Just a week ago Poland’s Prime Minister (PM) Donald Tusk winked ironically as Slovakia’s Robert Fico offered cordial greetings at an EU summit in Cyprus. The moment coincided with Tusk’s pointed comments about removing Russian influence from Brussels – now that Viktor Orbán is no longer in the room. The irony was that Fico was still scheduled to visit Putin on 9 May – the day of Russia’s Victory Day parade boycotted by Western allies.
Yet despite the friction, Fico later posted a selfie with Tusk and Czechia’s Andrej Babiš, captioned in a way that expressed longing for their new Hungarian partner Péter Magyar.
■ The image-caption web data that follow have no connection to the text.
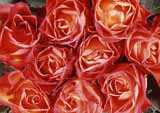 Photomural LOVE, roses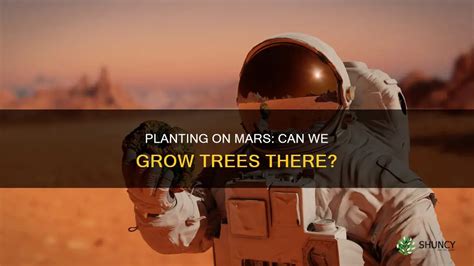plant  water  tree  mars current possibilities shuncy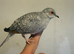 Silver Diamond Doves hatched this year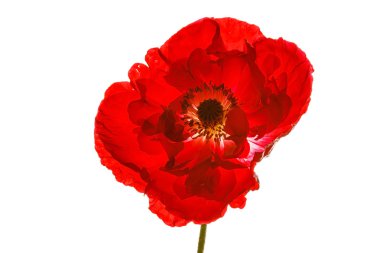 Kırmızı gelincik çiçeği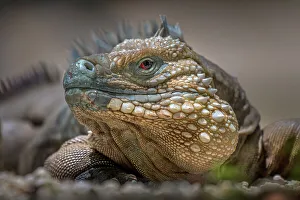 Lizards Prints: Blue Iguana (Cyclura lewisi), Grand Cayman, Cayman Islands, BWI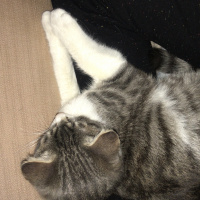 Tekir Kedi, Kedi  Fisun fotoğrafı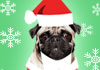 Three pugs wearing illustrated Santa outfits in front of a green background with white snowflakes, above them are the words Singing Christmas Pugs. 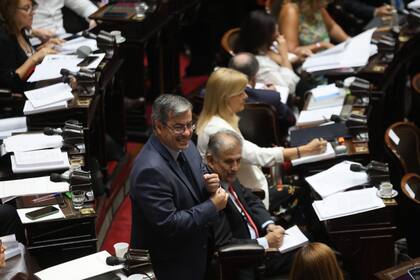 Sesión maratónica en la cámara de Diputados para tratar la Ley ómnibus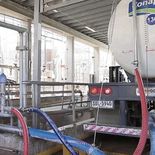 El paro en Conaprole generó faltantes en todo el país y una caída del 30% en las ventas. El paro en Conaprole generó faltantes en todo el país y una caída del 30% en las ventas.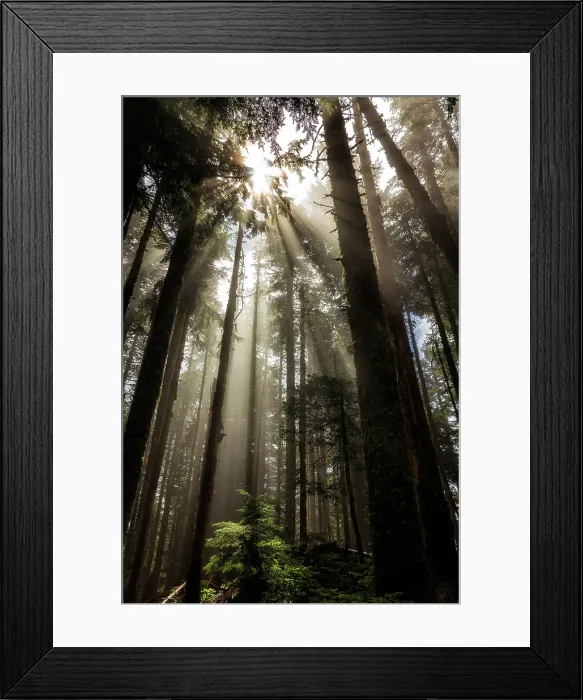 Framed Print : Larch Mountain Forest. Creator: Joshua Johnston Framed Print : Larch Mountain Forest. Creator: Joshua Johnston
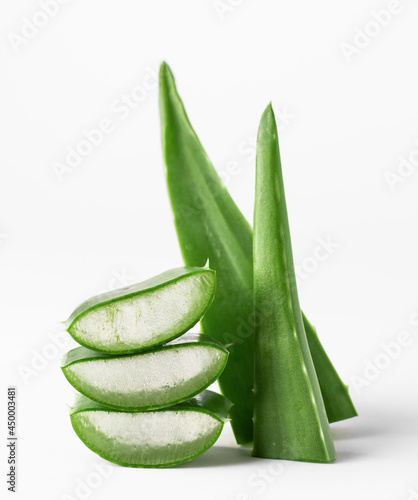 Aloe vera plant leaves and slices isolated on white background. Aloe vera for natural cosmetics and alternative medicine.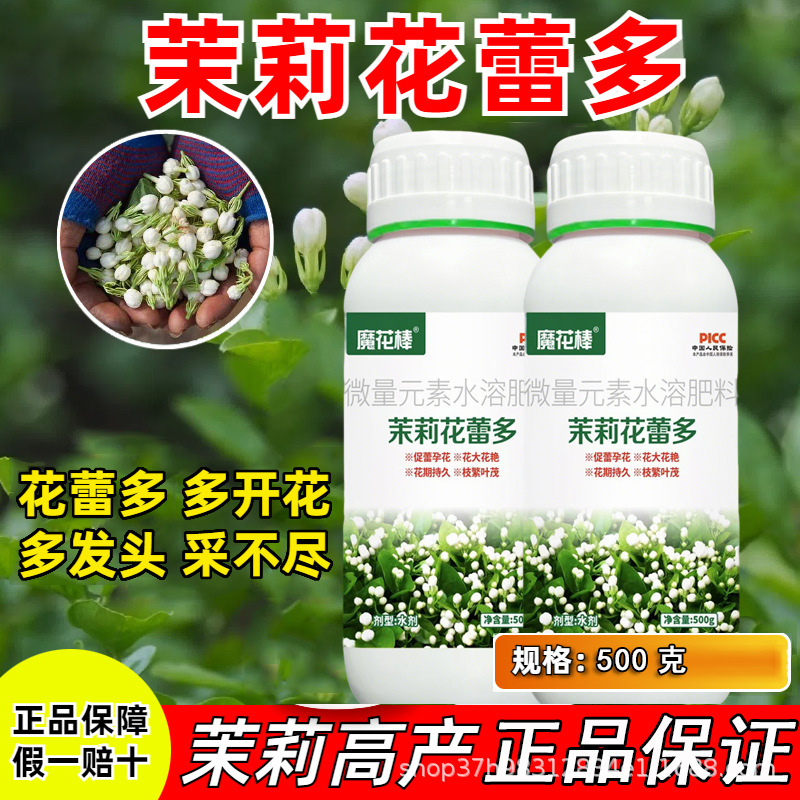 茉莉花肥料花蕾多开花多发头多催花保花叶面肥 广西横县 基地推荐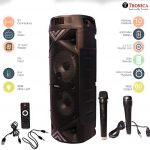 Tronica Dual 6.5″ Thunder Vibra Party Speaker with Two Karoke mics & Vivid Light Effect –  (6 Hours Non Stop Play Back)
Tusk, for his part, gave a lengthy statement suggesting Fico might prove a pragmatic leader capable of overseeing a revival of the Visegrad Group (V4) under Slovakia’s rotating presidency, which begins in July 2026.
Read Tusk’s full statement HERE
After years of obituaries declaring the V4 too dead to revive, is a comeback now underway? And what does the broader game of global economic statecraft – including America’s Energy Dominance strategy – tell us about this Central and Eastern European (CEE) chapter?
Perhaps its revival quietly marks one of the moments where some in Europe, instead of rebelling against the United States (US), which Jacob Kirkegaard from Bruegel called ‘futile’ in his sobering analysis for Foreign Affairs, see an opportunity in embracing it?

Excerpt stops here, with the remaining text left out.